Last year, a story broke that had a little something for everyone – where by “everyone” you’re referring to “incurious, uncritical consumers of shabby information”.
It involved a professor from the University of MInnesota, Dr. Massoud Amin. Amin was convicted of “Theft by Swindle” for, it was alleged, concealing funds from his soon-to-be ex wife during a nasty divorce.
We’ll come back to that.
The story got liberals exercised because Amin was a gun collector (with, dare I say, a penchant for finding bargains). That is a classic dog whistle for the left.
And for the, shall we say, less bright on the right?
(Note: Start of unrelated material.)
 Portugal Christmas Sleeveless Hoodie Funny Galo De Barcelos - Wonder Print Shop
A middle-eastern sounding name like Amin’s is enough to get the “WATCH FOR TEH SHARIA” crowd into a froth.
And the media coverage of his divorce proceedings – including the swindle allegations – were decidedly unsympathetic.
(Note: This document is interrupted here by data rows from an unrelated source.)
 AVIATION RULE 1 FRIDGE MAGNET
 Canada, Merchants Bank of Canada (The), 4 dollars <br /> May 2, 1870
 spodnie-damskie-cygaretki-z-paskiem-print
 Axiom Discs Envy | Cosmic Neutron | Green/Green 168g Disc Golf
Sentencing in his trial is scheduled for November 9.
The client is obviously guilty – right?
Not so fast. And according to sources with close knowledge of the case, the charges and conviction are well beyond a miscarriage of justice; they were the tip of an iceberg of shenanigans – borne of malice up against incompetence at best, cynical ambition at worst, all slathered with a layer of legalism.
And when you peel back the onion, you still have something for everyone – among critical thinkers, this time:
- A divorce from hell
- City bureaucrats hamfistedly persecuting a law-abiding gun owner
- A legal process that reads like something between Michael Crichton and Franz Kafka, tainted by racism and amoral careerism
- And, at the end of the day, an American who has done decades of groundbreaking work defending this country from cyberterrorism, facing ten years in prison for something that, even if it were a legitimate conviction.
- Which, given the evidence I’ve encountered, it was not.